ACTIVITY: Find the line below with "ChemSpider 2D Image" and the line with "Chanel 2012 Navy". Output exactly those lines and everything between them, leaving out the pictures.

PROVIDED RECORDS:
□ □ □ □ □

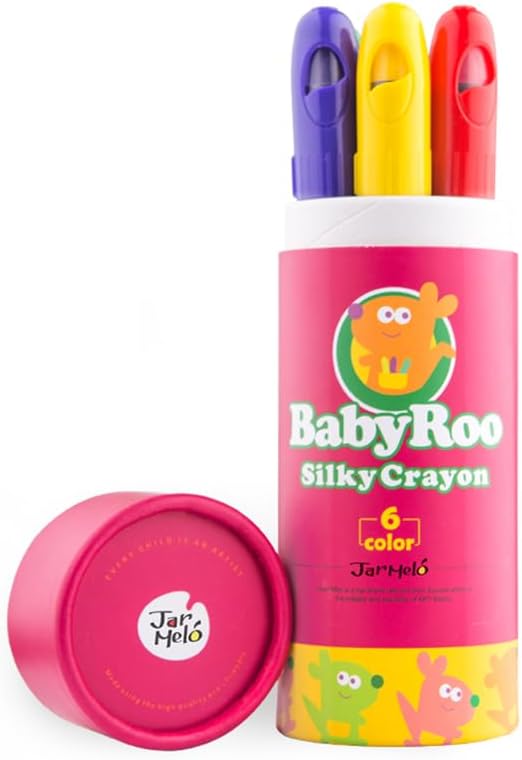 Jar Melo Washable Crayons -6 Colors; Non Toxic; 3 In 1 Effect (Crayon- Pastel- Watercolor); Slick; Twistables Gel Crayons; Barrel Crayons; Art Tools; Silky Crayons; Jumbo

□ □ □ □ □

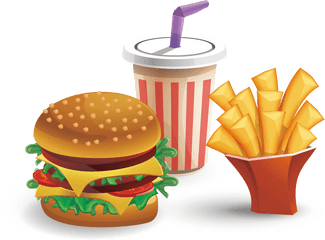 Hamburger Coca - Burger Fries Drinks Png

□ □ □ □ □

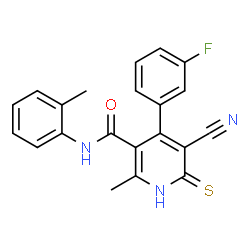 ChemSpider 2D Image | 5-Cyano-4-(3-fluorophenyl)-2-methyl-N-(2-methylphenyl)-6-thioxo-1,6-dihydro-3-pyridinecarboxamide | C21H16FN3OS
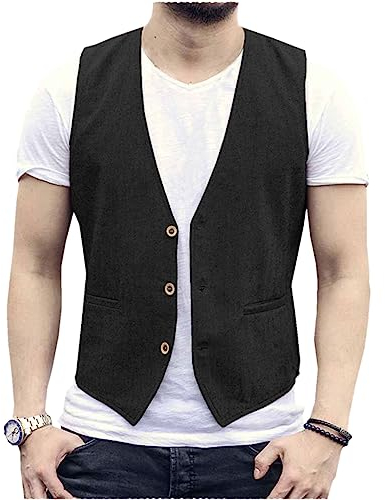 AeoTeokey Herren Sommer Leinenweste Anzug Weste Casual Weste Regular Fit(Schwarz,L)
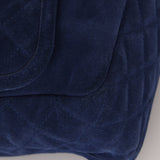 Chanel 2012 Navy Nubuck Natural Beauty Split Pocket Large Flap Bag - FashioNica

□ □ □ □ □

RESULT FOR THIS TASK:
 ChemSpider 2D Image | 5-Cyano-4-(3-fluorophenyl)-2-methyl-N-(2-methylphenyl)-6-thioxo-1,6-dihydro-3-pyridinecarboxamide | C21H16FN3OS
 AeoTeokey Herren Sommer Leinenweste Anzug Weste Casual Weste Regular Fit(Schwarz,L)
 Chanel 2012 Navy Nubuck Natural Beauty Split Pocket Large Flap Bag - FashioNica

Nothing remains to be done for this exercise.